→ **Goal of the exercise**:
Find, in the records below, the line that contains "Foto van Chalet" and the line that contains "Peugeot 308 - photo 8". Copy those two lines and everything between them exactly, but not the pictures.
● ● ● ●
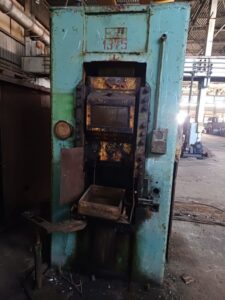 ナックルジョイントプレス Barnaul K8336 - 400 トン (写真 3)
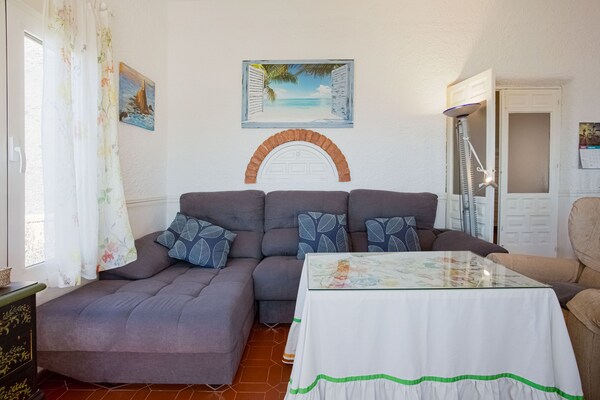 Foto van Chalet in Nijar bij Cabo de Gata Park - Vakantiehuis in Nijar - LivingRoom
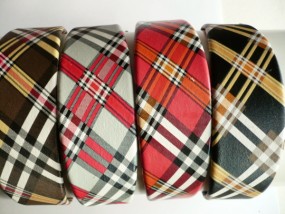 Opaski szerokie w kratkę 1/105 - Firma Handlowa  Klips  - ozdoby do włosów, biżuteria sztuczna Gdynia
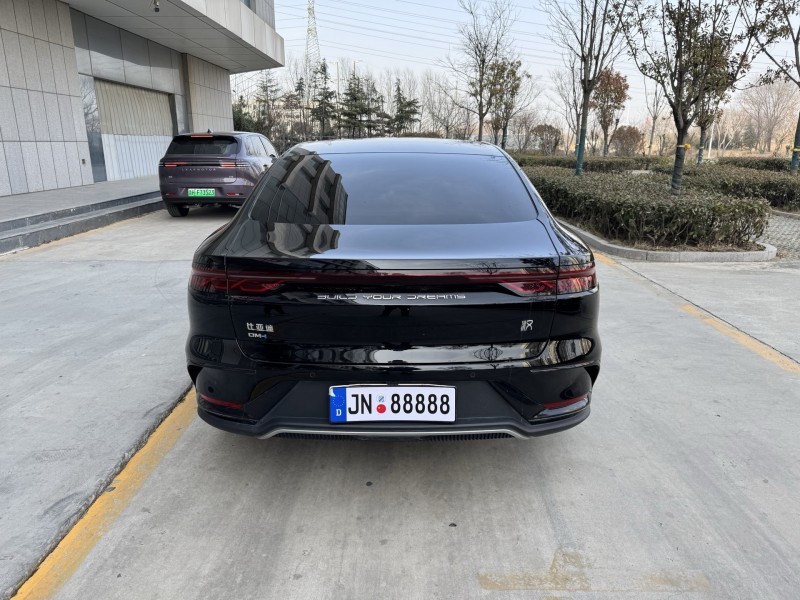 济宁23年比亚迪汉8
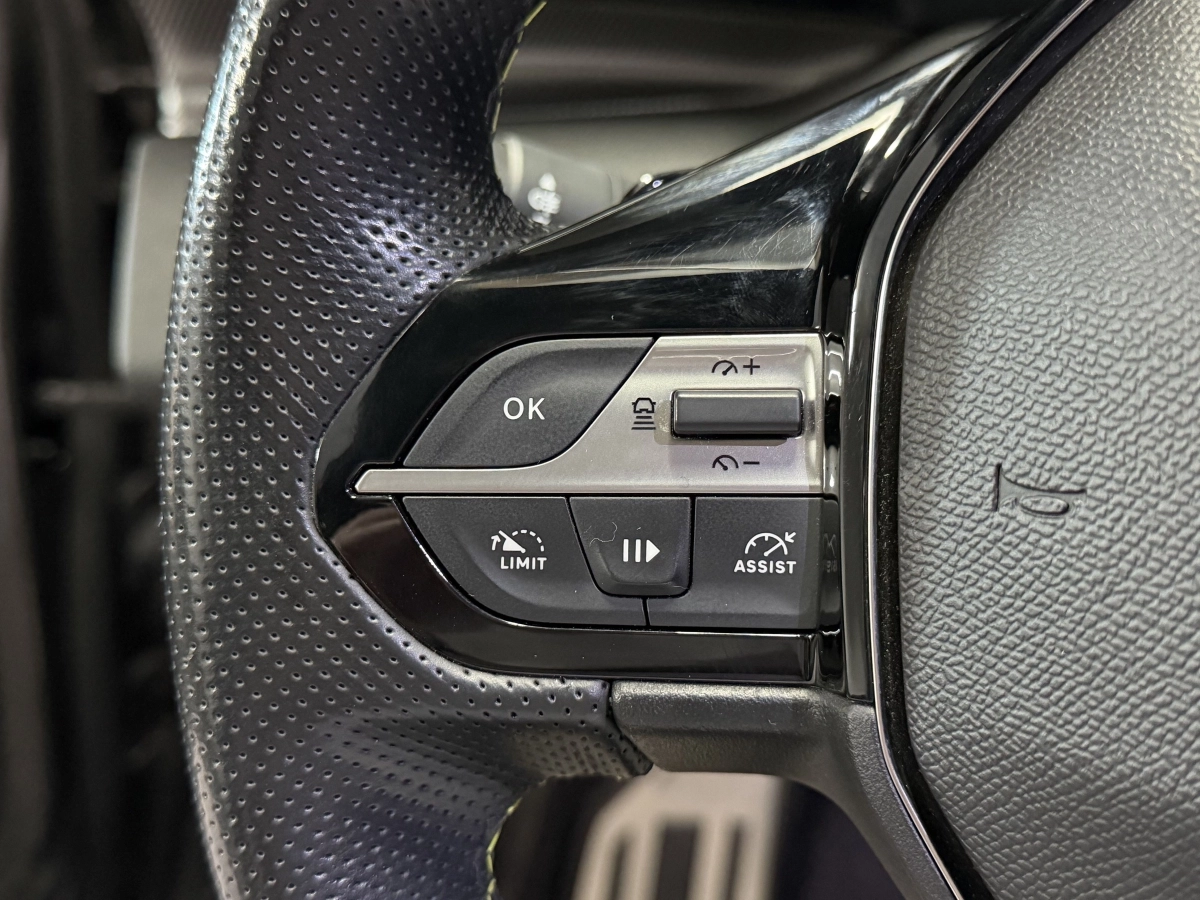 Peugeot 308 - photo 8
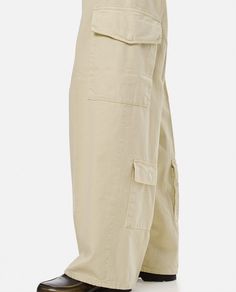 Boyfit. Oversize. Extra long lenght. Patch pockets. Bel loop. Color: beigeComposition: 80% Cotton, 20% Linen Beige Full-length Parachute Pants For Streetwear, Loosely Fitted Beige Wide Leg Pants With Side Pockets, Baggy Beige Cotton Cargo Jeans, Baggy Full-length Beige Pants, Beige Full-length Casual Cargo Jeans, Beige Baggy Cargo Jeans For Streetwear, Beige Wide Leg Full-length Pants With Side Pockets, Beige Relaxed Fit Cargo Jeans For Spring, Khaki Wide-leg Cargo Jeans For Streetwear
● ● ● ●
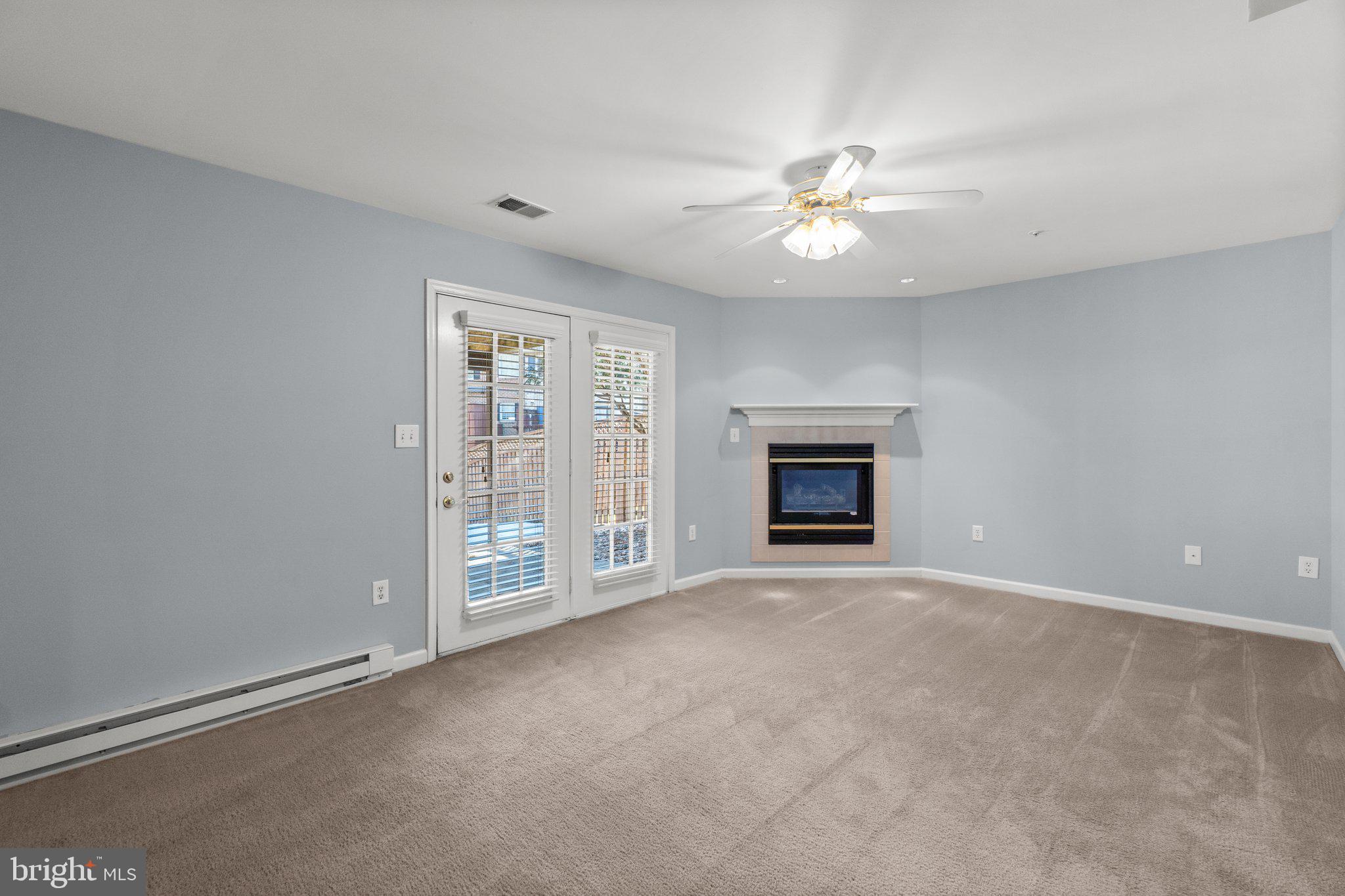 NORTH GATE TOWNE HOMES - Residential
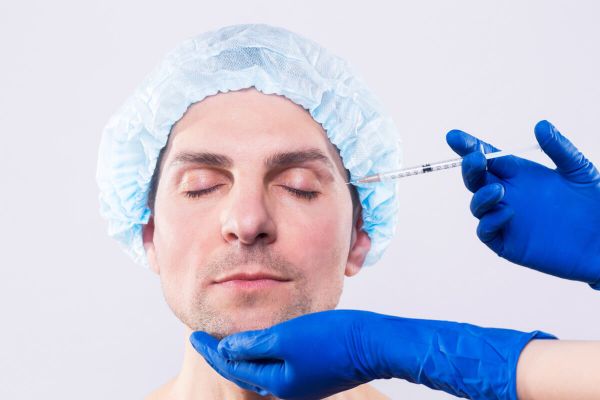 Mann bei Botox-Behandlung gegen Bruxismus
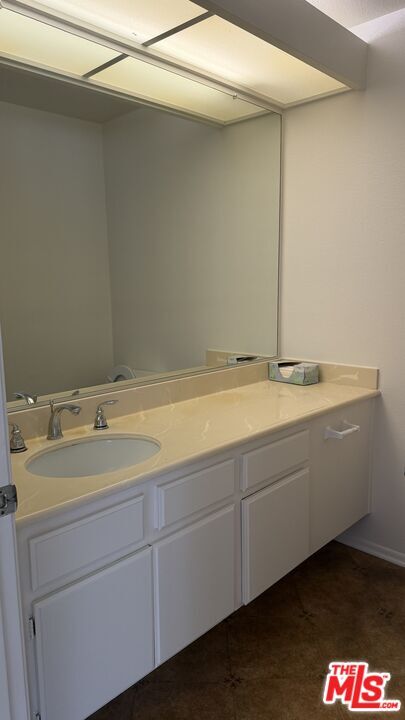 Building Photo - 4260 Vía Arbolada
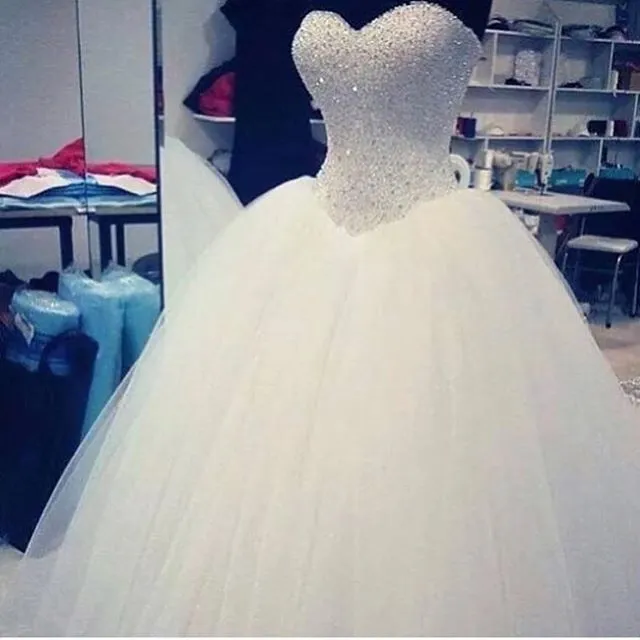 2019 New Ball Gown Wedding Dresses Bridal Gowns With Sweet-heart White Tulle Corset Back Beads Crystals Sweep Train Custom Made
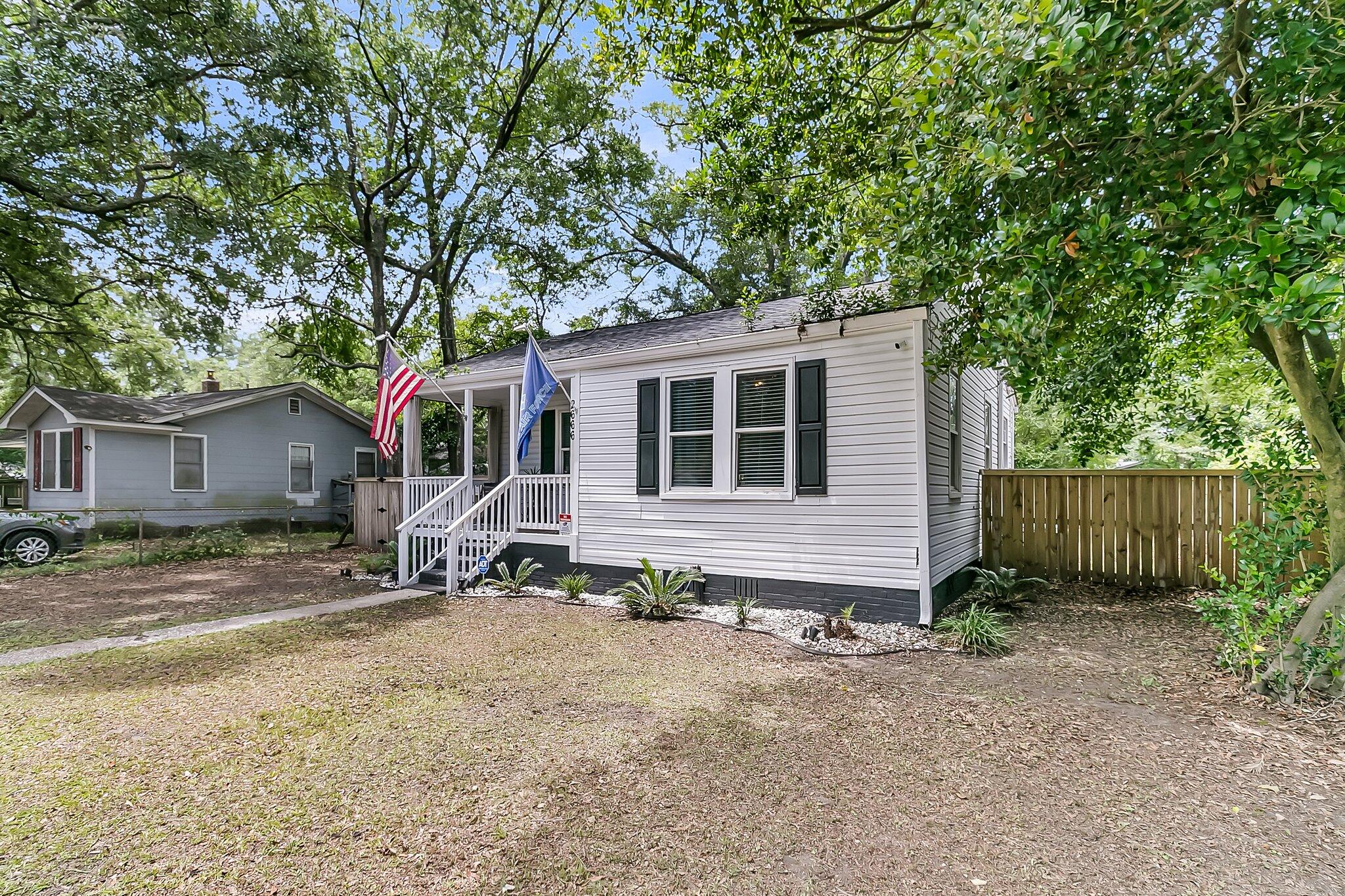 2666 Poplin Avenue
● ● ● ●
→ **Result of the exercise**:
 Foto van Chalet in Nijar bij Cabo de Gata Park - Vakantiehuis in Nijar - LivingRoom
 Opaski szerokie w kratkę 1/105 - Firma Handlowa  Klips  - ozdoby do włosów, biżuteria sztuczna Gdynia
 济宁23年比亚迪汉8
 Peugeot 308 - photo 8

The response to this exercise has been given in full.